I have a phd in a related field and I can't understand exactly what is being said here. From what I can tell, the author claims a protein was engineered, where the protein sequence maps (through a chosen translation table) to a human text. But at the same time, the protein folds into a well-defined shape (predicted, then experimentally determined), and somehow also enciphers... another poem?
You've got the right idea. The "poem" ("any style of life / is prim...") is encoded as a DNA sequence. This DNA codes for a protein, whose amino acids can be read as English text as well ("the faery is rosy / of glow..."), and which causes the bacterium to glow red. Watts mentions this work in his book Echopraxia as follows:
"The sequence spells a message and codes for a protein. The protein fluoresces and contains a response. It’s not contamination or lateral transfer. It’s a poem."

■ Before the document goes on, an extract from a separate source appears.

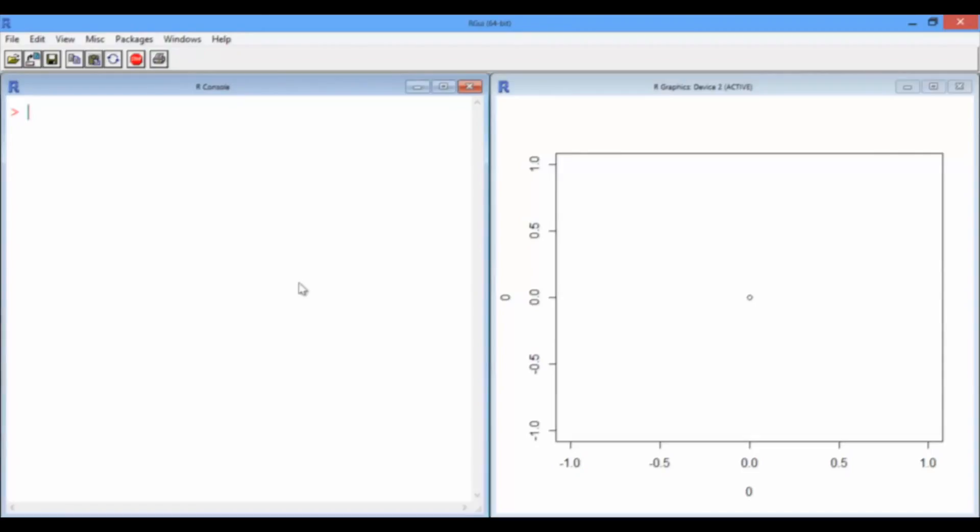So now we're going to try plotting a world map with a new data set that has the number of international students from each country. First of all, we're going to need to use the ggmap package, which you may need to install.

There's a more verbose explanation in this interview of Bök:
I honestly can't tell if this is truly clever, like in the way a skilled poet can combine vocabulary and meter constraints to generate wonderful phrases (Kubla Khan poem being a nice example), or just a mechanical process. I am also confused how he managed to engineer and predict the folding and functionality of a fluorescent protein (presumably by borrowing a known sequence?). Ultimately, I see this more like an incomplete quine, or something similar but not identical to a quine.

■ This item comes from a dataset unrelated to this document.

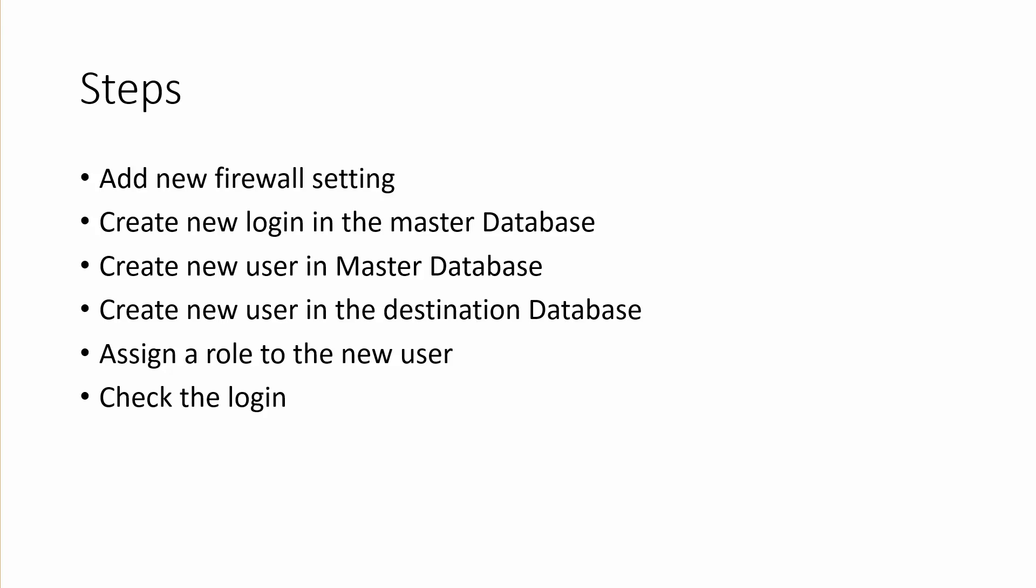then create a new user in the master database, that is followed by creating a new user in the destination database, and assigning a role to the new user. And finally we're going to check the login.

> I honestly can't tell if this is truly clever, like in the way a skilled poet can combine vocabulary and meter constraints to generate wonderful phrases (Kubla Khan poem being a nice example), or just a mechanical process.
I can't recall if Bök gave details about his methodology, but my guess is that he brute-forced ciphers until he found a suitable one. And he’s quite good at constraint-based (Oulipo) poetry.
> I am also confused how he managed to engineer and predict the folding and functionality of a fluorescent protein (presumably by borrowing a known sequence?).
The designed protein (Protein 13) is not fluorescent. He’s expressing it as a Protein 13-mCherry[1] fusion construct.
There is a bit more flexibility to this than 1:1 mappings, since there are more codons (64) than amino acids coded (20). You could have both CUU and CUC be different characters on the DNA side, that both map to same character on the protein side.
Plausible alternative would be to have the codons or amino acids still code the other half, but have pairs of nucleotides code a 1.5 times longer poem. This would restrict you to 16 different characters, vs. 64 possible codons (minus a few stop codons).
There are around 20-22 amino acids commonly used by known life, so that already restricts you to a bit smaller alphabet than 26 letters.
In this particular case you can consider codons coding for the same amino acid as synonymous, restricting, as you mentioned, the possible mappings to the ~20 proteinogenic amino acids.
Another possibility for expansion would be to take advantage of the genetic code’s degeneracy/redundancy and reprogram it to allow non-canonical amino acids in certain synonymous codons.